◆ **WHAT THIS TASK INVOLVES**
Only the lines below between the one holding "House, 2 Bedrooms | Interior" and the one holding "Argomenti di logica.", inclusive, are to be reproduced word for word; the pictures are to be left out.

◆ **DATASET CONTENT**
=== Begin Enclosure ===

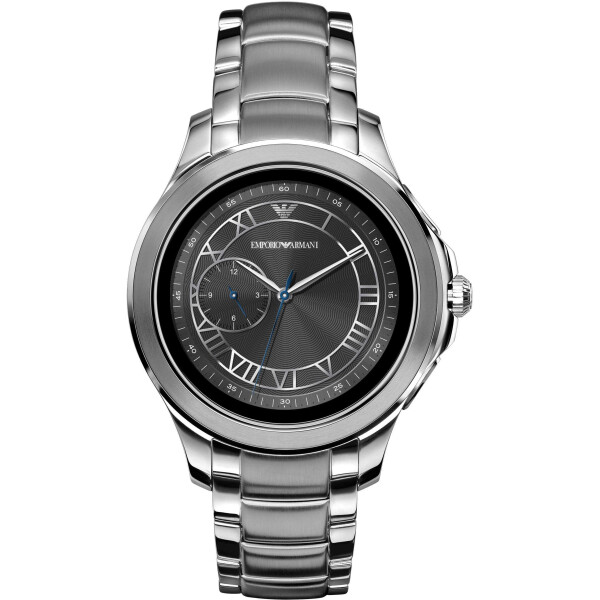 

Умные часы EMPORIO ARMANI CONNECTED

=== End Enclosure ===
=== Begin Enclosure ===

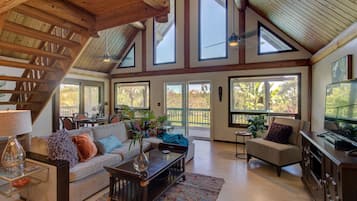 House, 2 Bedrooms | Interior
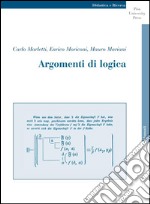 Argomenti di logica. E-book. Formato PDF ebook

=== End Enclosure ===

◆ **EXERCISE RESULT**
 House, 2 Bedrooms | Interior
 Argomenti di logica. E-book. Formato PDF ebook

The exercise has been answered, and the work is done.